This post serves to explain what exactly
pass by reference and pass by value mean in the context of programming and as
to how heaps and stacks relate to them.
It is a known fact that both C and Java pass
by value.
Let us consider the following segment of code:
int main () {
int a = 5;
int b = 4;
swap (&a, &b);
printf ( “%d : ” , a );
printf (“%d : ” , b );
return 0;
}
void swap ( int *x , int *y ) {
int temp = *x;
*x = *y;
*y = temp;
}
Listing 1
The above code swaps the values a and b
so that a contains 4 and b contains 5.
The function call, swap (&a, &b);
passes the reference of the variables a and b and this facilitates the actual
swap of the values contained in the two variables. Note that references, &a
and &b are themselves passed as values and this is precisely why we say
function calls in C pass by value.
Local variables or Stack variables
Now, if we take a look at the variable
temp in Listing 1, we can see that it is a local variable. Variables which are
local in scope are allocated on the stack and when a function returns (or when
the last instruction in the function has been executed), the local variables on
the stack corresponding to that function are invalidated and the memory thus
reclaimed is open for reallocation.
In Listing 1, variables a and b defined
in the main function are local variables which are local in scope to the main
function and thus reside on the stack. These variables remain stack-resident
till the time the main does not return (until after return 0). Likewise, temp
is a local variable defined in the swap method and its scope is confined to the
swap method only. After the final instruction in swap has been executed temp is
invalidated and the memory thus claimed may be re-allocated.

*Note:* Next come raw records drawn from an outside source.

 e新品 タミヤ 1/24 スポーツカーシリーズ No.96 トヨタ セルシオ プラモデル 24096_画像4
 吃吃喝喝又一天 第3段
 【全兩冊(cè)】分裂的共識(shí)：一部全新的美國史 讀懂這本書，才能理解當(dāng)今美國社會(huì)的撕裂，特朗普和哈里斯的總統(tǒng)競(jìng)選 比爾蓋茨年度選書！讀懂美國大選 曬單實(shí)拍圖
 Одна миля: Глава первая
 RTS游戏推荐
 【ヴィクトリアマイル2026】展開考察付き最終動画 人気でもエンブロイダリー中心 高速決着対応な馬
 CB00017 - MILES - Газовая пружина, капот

It is important to understand just how
relevant this is sometimes and understand its relation to pass by value.
Consider Listing 2.
int sum ( int a , int b )
{
int
s = 0;
s
= a + b;
return
s;
}
int main () {
int
a = 4;
int
b = 5;
int
s = sum ( a, b );
printf
( “sum: %d\n” , s );
}
Listing 2
Now, we can see that the values contained
in a and b are passed to the method sum. It is important to understand here
that in C, copies of the values contained in a and b are created and passed as
function arguments, whereas in Java, the references of a and b are themselves
passed as values. While this may be suggestive of pass by reference, the references
are themselves treated as values and it is because of that we say both C and
Java pass values.
Now, when the control returns from the
function sum, variable s is out of scope and the memory reclaimed and after
printf prints sum: 9, variables a
and b will also be out of scope. Thus, we can see that stack-resident variables
have a scope that is confined to the block where they have been defined.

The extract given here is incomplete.